NASA has all the right toys to do it, and it was rather expected that they too would be making a declaration about the changing climatic balance of the world. The premier space agency of the world has released a new data set that shows how rainfall and temperature patterns are expected to change by the end of the current century. The data uses twenty-one different models of climatic change developed by different research entities. The main focus of the model is greenhouse gasses and how they will affect the climate of the world.
The results were compiled under the umbrella of NASA Earth Exchange (NEX), a collaborative platform where advantages of supercomputing available to NASA and the organization’s awesome remote sensing equipment is used to collect huge chunks of data and analyzed in the light of climate change models. Scientists rarely have access to such vast pools of data and, therefore, the results of these studies will be much more accurate than other predictions based on lesser amount of data.

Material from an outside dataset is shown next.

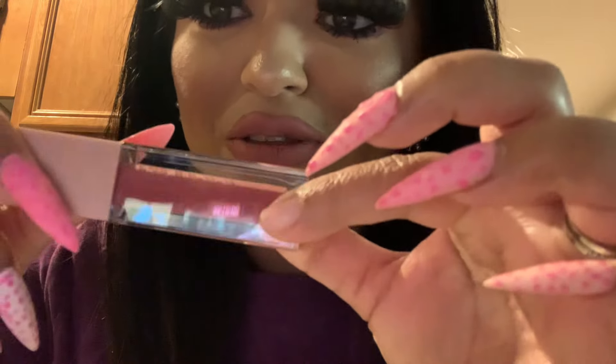Then I got another concealer from NYX, but this time in the shade light beige because it's more yellowish. It's a little darker than the one I used to brighten, but I wanted to go a little darker. I'm also excited to try this Maybelline Lifter Gloss — it's such a pretty color, like a pinky with shimmer. It's in Petal, so I'm going to try to use it on top of my lip color and see how it goes.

The idea behind the NEX initiative is to provide data access to scientists to help them make contingency plans for the future disasters like floods and heatwaves caused by this climatic shift. The data is open to the public, and we can observe environmental changes on a daily time scale from individual towns and cities to whole continents. The projections provide an awesome detailed map of climatic change from 1951-2100 up to a 25 Km resolution. To to come up with this map, the space agency combined real-time historical data with climate simulation data from the Fifth Couple Model Intercomparison Project.

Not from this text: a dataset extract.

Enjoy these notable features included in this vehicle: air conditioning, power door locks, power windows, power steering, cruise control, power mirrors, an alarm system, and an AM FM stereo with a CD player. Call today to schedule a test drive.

It is a collective global effort at better understanding of the climatic change, and it has the beauty of different variant models. Some predict the world will have to be abandoned by the end of the century while others take a relaxed approach and say the atmosphere will balance out in time if we reduce emissions and other greenhouse gasses. It is a significant step by NASA to safeguard the future of our planet. This new tool will go a long way in preparing and planning for the future climatic implications in a scientific manner.